Meursault é um tipo solitário, contemplativo e soturno, que faz amizade com um vizinho cafetão, flana por Argel e descreve seu cotidiano vazio e banal. Ele não tem a ambição de avançar em sua carreira profissional, ele é indiferente a estar com amigos. Aceita se casar com Marie, por vontade dela apenas, deixando claro que não a ama e que para ele não faz a menor diferença casar ou não. Mantém um distanciamento irônico de todas as coisas e sentimentos, típico de um herói concebido do absurdo, não participando ativamente da vida nem se envolvendo com ela. Vive o presente, apenas, livre de qualquer sistema de valores e julgamentos. Se Albert Camus tivesse uma proposta literária menos autêntica e mais comercial, poderia facilmente ter transformado o seu anti herói em um serial killer.
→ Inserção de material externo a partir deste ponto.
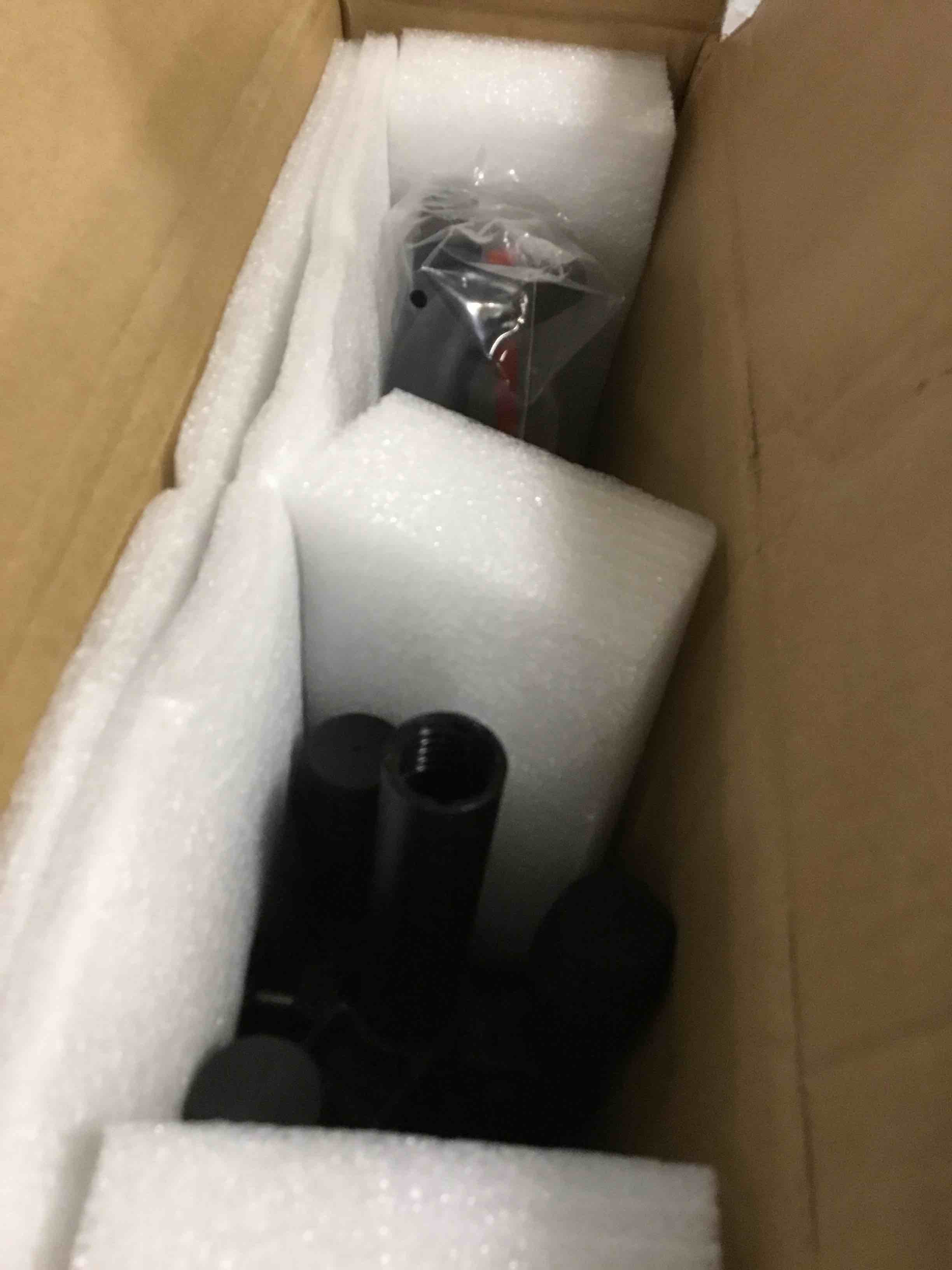 https://s3.amazonaws.com/lotting-images-prod/bidfta/PNK3569720_1750506415188.jpeg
Pois bem. No momento crucial do livro, Meursault mata “um árabe” que estava deitado numa praia e põe a culpa no sol. Não há explicação maior para o assassinato banal. Os raios de sol são os mandantes do crime, pois teriam lhe bagunçado os pensamentos e a visão. Meursault mata sua vítima com um tiro e, depois, dispara mais quatro no cadáver. A cena é forte e paralisa o leitor. Um primor literário. Uma descrição impecável. Posteriormente, Meursault, assassino confesso, será preso, julgado e condenado à morte, mais por ser um misantropo insensível do que pelo seu crime sem testemunhas e sem grande repercussão. Ele matou apenas um “um árabe”, cuja identidade jamais será mencionada no livro.
A ausência de nome da vítima deu muito pano pra manga. Como o escritor não deu nenhuma explicação, a galera criou algumas teorias. Por que Albert Camus ignorou solenemente a pessoa morta por Meursault? Há quem acredite que o autor quis demonstrar todo o desprezo dos franceses colonizadores pelos argelinos colonizados — o livro é de 1942, e a Argélia se tornou independente só em 1962. Há ainda quem diga que o árabe não tem nome apenas para justificar a insensibilidade de Meursault e a banalidade de seu crime, ou seja, um truque literário para dar sustentação à história narrada. Faz bastante sentido essa explicação e para mim eu acredito que este tenha sido o motivo. O “árabe” é assim mencionado mais de duas dezenas de vezes ao longo do livro e este mistério é um dos muitos atrativos da narrativa.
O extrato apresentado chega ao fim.